Первейший признак обозначившегося «да» — незаинтересованность в ответе. «Структуры», «Группы», «Варианты» — очевидно не-диалогические названия. А ведь когда кричат «Нет!», на отрицающий, протестующий выкрик ждут аффективного ответа. Для классического авангарда характерны взывающие, кричащие имена и сюжеты сочинений: «Уцелевший из Варшавы» (оратория Арнольда Шенберга, 1947), «Плач по жертвам Хиросимы» (оратория Кшиштофа Пендерецкого, 1960)… И сама непонятность авангардистской музыки рассматривалась как своего рода воззвание.

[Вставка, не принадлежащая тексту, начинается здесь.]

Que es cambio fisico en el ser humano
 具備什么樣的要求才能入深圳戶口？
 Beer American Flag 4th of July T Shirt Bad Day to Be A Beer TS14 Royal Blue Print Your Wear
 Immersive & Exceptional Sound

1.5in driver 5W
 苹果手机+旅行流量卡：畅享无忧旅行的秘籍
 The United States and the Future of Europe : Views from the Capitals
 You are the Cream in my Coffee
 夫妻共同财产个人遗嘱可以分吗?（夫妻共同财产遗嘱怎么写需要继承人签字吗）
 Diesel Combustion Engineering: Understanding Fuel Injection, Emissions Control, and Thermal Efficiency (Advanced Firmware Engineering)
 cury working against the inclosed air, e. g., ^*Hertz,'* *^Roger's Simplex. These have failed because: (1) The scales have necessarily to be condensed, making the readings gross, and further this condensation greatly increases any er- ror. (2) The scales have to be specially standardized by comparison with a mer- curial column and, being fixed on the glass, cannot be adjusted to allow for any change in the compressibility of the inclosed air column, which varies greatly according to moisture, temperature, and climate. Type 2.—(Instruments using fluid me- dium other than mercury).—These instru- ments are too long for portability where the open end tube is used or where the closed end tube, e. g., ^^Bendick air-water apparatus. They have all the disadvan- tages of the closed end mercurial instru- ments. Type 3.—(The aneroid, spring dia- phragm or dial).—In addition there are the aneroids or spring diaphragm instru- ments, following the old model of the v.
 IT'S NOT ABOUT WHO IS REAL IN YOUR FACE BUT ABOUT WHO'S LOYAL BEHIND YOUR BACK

Непонятное выступало в роли понятного: протеста против массовой невостребованности подлинного (значит, против «неистинности» общества и самого миропорядка). Но постепенно «непонятное-шок», «непонятное-вызов» трансформировалось в «непонятное-данность». Данность, уже по этимологии своей, исключает «Нет!» и, напротив, включает «Да!».

* * *

В 1965 году Стравинский иронизировал над индифферентным звучанием новейших сочинений: «…я с величайшим нетерпением жажду услышать «Флуктуации» Торкеля Сигурдйорнсена, «Испарения» и «Продолговатости» сеньора Кагеля или «Происшествия» г-на Лигети. Надеюсь только, что это будут творения первоклассной длины»5 . «Первоклассная длина» (полтора, два, три, четыре часа — против типовых авангардистских десятиминуток) появилась позже. В середине 1960-х годов тенденция, которую обнаруживают названия сочинений, саркастически подобранные Стравинским, только намечалась и потому могла казаться достойным осмеяния случайным поветрием. Назовем ее условно природоподобием.

Каталоги опусов, созданных в 1960-е и в начале 1970-х годов, напоминают подправленные современной наукой античные и средневековые классификационные таблицы, исходившие из изоморфизма музыки и универсума. Начала географии («Пустыни» Эдгара Вареза) соседствуют с терминами молекулярной биологии («Мутации» Лучано Берио); разделы зоологии («Каталог птиц» Оливье Мессиана, «Террариум» Виктора Суслина) — с геофизикой («Сейсмограмма» Анри Пуссера); астрономия («В созвездии Гончих Псов» Виктора Екимовского) сочетается с астрологией («Знаки Зодиака» Карлхайнца Штокхаузена); геометрия («Разрывы плоскостей» Виталия Годзяцкого, «Гомеоморфии» Леонида Грабовского) переходит в оптику («Перспективы» Берио, «Спектры» Валентина Сильвестрова, «Интерференции» Гизельхера Клебе) и физику («Атмосферы» Дьёрдя Лигети)… Лет за десять музыка стремительно оккупировала все этажи мироздания, словно с целью продублировать номенклатуру вселенной.

Но и в глубине, в области экспрессии, она также мироподобна. Музыка выходит из горизонта психологизма и драматизма, которые ассоциируются с конфликтностью общества, со столкновениями личности и социума. Ее чувства не холодны, даже предельно интенсивны, но из них ушло все героически-одинокое и патетически-активистское.